Four functions cover everything:

FunctionDirectionMnemonic
json.loads()JSON string → Python"load string"
json.dumps()Python → JSON string"dump string"
json.load()JSON file → Python(no s) — works on a file object
json.dump()Python → JSON file(no s) — writes to a file object

The s literally means "string." loads/dumps deal with strings; load/dump deal with file objects. Mixing them up is the most common JSON error in Python.

Parsing a JSON string — json.loads

import json
 
raw = '{"id": 7, "name": "Alice", "roles": ["admin", "tester"]}'
data = json.loads(raw)
 
print(type(data))       # <class 'dict'>
print(data["name"])     # "Alice"
print(data["roles"][0]) # "admin"

json.loads parses a JSON string and returns Python objects — a dict here, with a nested list. Once parsed, you index it like any dict or list.

Serialising — json.dumps

The other direction:

import json
 
result = {
    "name": "login_test",
    "status": "PASS",
    "duration_ms": 1240,
    "tags": ["smoke", "auth"]
}
 
print(json.dumps(result))

Output (one line):

{"name": "login_test", "status": "PASS", "duration_ms": 1240, "tags": ["smoke", "auth"]}

For a human-readable form, pass indent=2 (or 4):

print(json.dumps(result, indent=2))

Output:

{
  "name": "login_test",
  "status": "PASS",
  "duration_ms": 1240,
  "tags": [
    "smoke",
    "auth"
  ]
}

That's the format you'd save to disk for a test fixture or a CI artefact.

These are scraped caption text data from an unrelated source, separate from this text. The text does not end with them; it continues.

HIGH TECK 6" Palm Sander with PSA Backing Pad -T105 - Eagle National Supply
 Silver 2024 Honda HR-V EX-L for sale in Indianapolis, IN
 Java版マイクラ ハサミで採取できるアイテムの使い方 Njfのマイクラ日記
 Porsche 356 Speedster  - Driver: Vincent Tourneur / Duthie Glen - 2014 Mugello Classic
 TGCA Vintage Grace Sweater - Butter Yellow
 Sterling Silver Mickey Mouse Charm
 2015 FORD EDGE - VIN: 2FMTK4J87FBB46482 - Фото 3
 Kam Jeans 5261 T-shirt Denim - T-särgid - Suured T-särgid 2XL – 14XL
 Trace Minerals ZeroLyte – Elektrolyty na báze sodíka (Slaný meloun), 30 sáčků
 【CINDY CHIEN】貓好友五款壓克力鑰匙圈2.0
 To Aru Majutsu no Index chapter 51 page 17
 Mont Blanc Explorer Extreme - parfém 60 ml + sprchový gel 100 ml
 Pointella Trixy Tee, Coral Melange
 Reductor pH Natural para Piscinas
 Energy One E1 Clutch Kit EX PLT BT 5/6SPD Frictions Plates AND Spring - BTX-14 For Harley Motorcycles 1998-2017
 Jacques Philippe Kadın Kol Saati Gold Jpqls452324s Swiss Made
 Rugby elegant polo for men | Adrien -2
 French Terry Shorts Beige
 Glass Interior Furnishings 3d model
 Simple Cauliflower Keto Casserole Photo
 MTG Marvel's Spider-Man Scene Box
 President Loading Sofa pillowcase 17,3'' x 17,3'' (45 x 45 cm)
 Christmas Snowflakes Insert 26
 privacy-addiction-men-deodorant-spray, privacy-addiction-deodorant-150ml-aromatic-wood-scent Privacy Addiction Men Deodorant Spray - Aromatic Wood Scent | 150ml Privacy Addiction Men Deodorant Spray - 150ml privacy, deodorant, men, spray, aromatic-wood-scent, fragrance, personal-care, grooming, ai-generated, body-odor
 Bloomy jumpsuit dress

Reading a JSON file — json.load

The same with open() pattern you'd use for any file:

import json
 
with open("fixtures/users.json", "r") as f:
    users = json.load(f)
 
print(f"Loaded {len(users)} users")

json.load(f) reads the entire file and parses it in one step. Notice it's load, not loads — the function operates on the file object, not on a string.

You could read the file into a string yourself and call loads, but load saves a step:

# Equivalent — but unnecessary
with open("fixtures/users.json", "r") as f:
    raw = f.read()
    users = json.loads(raw)

The with statement is Python's context manager. It guarantees the file is closed when the block ends, even if the JSON parser raises. Always use with open(...) for files; we'll cover context managers properly in chapter 4.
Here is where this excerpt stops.